━━━━━ DATA FOR THE TASK

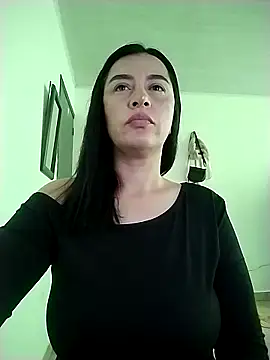 hailey85 – Naživo XXX chat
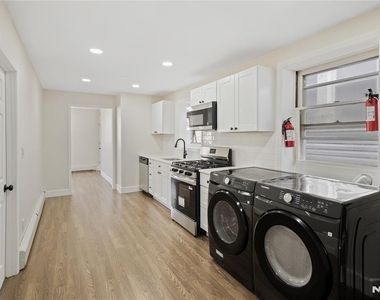86 Farnham - Photo Thumbnail 2
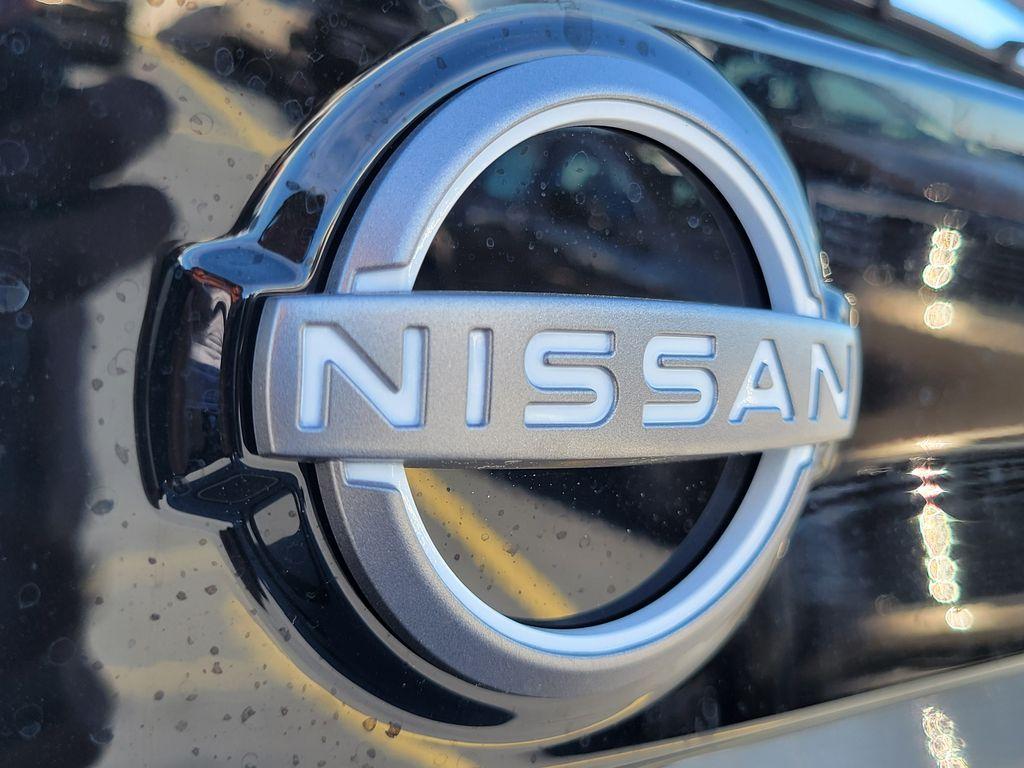 new 2025 Nissan Kicks car, priced at $25,275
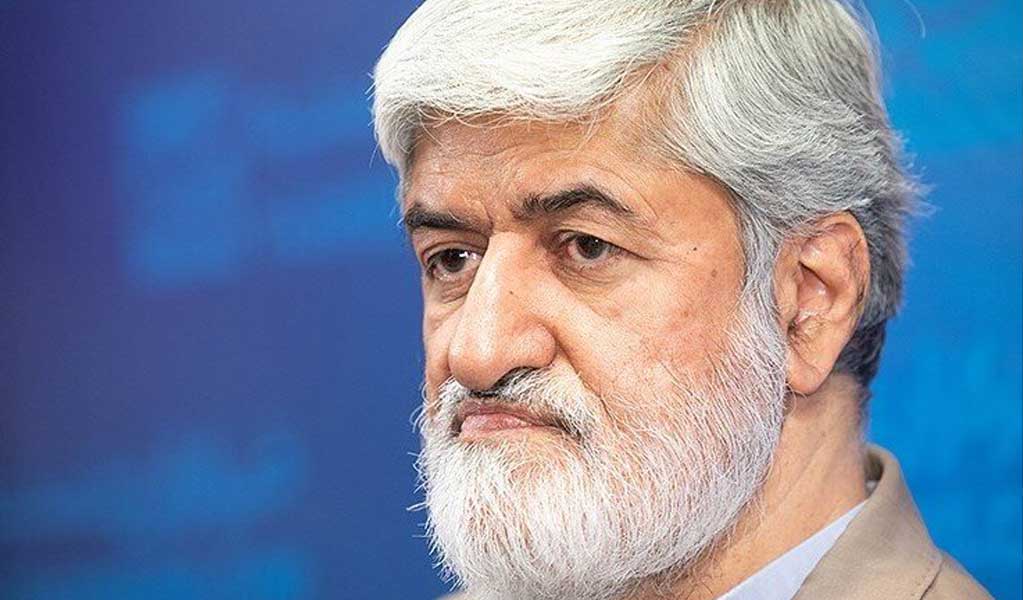 علی مطهری در حال اظهار نظر درباره مذاکره با آمریکا و موضع رهبری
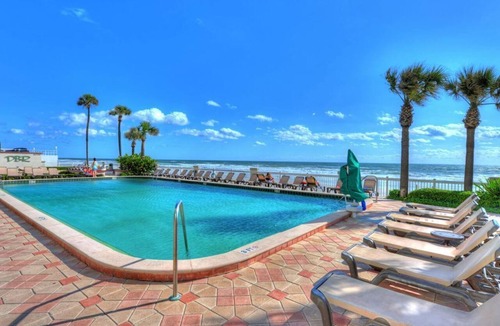 Ortona Park Condo | Oceanfront King Studio w/Balcony | Sunrise Views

━━━━━━━━━━

*WHAT THE TASK ASKS*: An exact copy of the entries, without any pictures, is what the answer should be.

*RESPONSE FOR THIS EXERCISE*:
 hailey85 – Naživo XXX chat
86 Farnham - Photo Thumbnail 2
 new 2025 Nissan Kicks car, priced at $25,275
 علی مطهری در حال اظهار نظر درباره مذاکره با آمریکا و موضع رهبری
 Ortona Park Condo | Oceanfront King Studio w/Balcony | Sunrise Views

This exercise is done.